The only way to resist these dangers, Kristeva said, is to reach back to our “cultural heritage,” though she qualified this: “I say cultural heritage, but I am not advocating some return to roots, or seeing sources as origins of absolute truth. Sources do not always speak to us as statements, but instead as questions. European culture, of which we are the heirs, is unique, as at its best moments, it has been able to turn every identity, whatever it may be, not into a cult but into a question,” she continued, noting question-oriented traditions from the Platonic dialogues to the Jewish practice of reading the Talmud. “We find this understanding in humanism, which is not the cult of man in the place of God, but an evolution of the philosophy of the last few centuries that raises a great question mark in the most serious of places—that is, the god’s place.”

Kristeva diagnosed our times as troubled by lack of belief, which is associated in psychoanalytical models with adolescents who have outgrown their childhood sense of curiosity. Adolescents look for something to latch onto, but when they lack outlets, it results in what she called an explosion of the death drive, noting the Muslim fundamentalist teenagers responsible for shootings in Toulouse, France and the Boston Marathon bombing. Citing the Psalms, “I believe, therefore I have spoken,” Kristeva defended the need for belief as fundamental, but resisted fundamentalism: “The jump humanism makes is asking questions also of what you believe.

“A devaluing of the humanities says, ‘We can do without the human,’” she went on. In what she called “the age of the death of the human,” people now see the iPhone as an instruction manual for life, which results in a “narrowing of the psyche,” directing it outward in search of tools for its own instrumental use. “Violence, then, results from rushing to the toolbox in search of answers and rushing to the megamalls of extreme spiritualities also.” Kristeva’s form of humanism leads one in the opposite direction—inward, rather than outward: “The ego is in need of permanent reconstruction. It is a personal abyss that needs a safe harbor in order for one to learn how to open oneself to that interiority.”

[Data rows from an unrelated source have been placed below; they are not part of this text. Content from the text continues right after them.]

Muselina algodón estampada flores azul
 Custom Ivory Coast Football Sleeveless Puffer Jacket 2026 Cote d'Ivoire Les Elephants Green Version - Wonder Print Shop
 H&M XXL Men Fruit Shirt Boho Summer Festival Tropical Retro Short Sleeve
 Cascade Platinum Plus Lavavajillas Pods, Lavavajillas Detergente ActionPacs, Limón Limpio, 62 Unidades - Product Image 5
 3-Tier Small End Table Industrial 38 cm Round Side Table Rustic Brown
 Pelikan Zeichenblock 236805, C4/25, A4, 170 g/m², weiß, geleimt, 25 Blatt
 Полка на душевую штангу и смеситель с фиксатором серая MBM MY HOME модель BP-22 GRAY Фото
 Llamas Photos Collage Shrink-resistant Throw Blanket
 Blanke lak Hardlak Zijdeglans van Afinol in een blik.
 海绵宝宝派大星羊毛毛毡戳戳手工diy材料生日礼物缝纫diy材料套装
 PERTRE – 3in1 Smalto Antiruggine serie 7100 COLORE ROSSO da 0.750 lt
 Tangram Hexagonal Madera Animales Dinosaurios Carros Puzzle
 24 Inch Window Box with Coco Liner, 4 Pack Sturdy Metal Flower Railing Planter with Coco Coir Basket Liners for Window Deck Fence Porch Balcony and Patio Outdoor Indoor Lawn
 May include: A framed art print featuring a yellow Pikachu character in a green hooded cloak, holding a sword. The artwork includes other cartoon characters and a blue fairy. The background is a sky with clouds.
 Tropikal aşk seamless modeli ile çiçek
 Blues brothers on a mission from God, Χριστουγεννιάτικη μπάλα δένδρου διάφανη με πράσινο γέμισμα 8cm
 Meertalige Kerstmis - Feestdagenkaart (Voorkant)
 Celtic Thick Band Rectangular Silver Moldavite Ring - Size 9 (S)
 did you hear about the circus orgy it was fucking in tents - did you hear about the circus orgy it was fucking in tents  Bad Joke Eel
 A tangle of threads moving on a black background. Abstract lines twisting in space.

In his response, Davidson defended Kristeva’s definition of humanism as refounding, from its association with the past uncritical, ideological humanisms that fueled racism and violence. He also seconded her imperative: “If such questions don’t get asked, we end up in a world like the one Kristeva described, with all its catastrophic consequences,” he said, going on to advocate contemporary humanistic approaches, such as the French philosopher Pierre Hadot’s radical suggestion that reading classical texts is a spiritual exercise and that philosophy is a way of life.

In this spirit, he suggested that we “think of great advances in the humanities as moments in which profoundly new questions get asked,” even if those moments are characterized by disorientation. “As long as we ask, ‘How should I live?’ there will be a future for the humanities,” he said. “The question of humanism is inevitable, not exhausted.”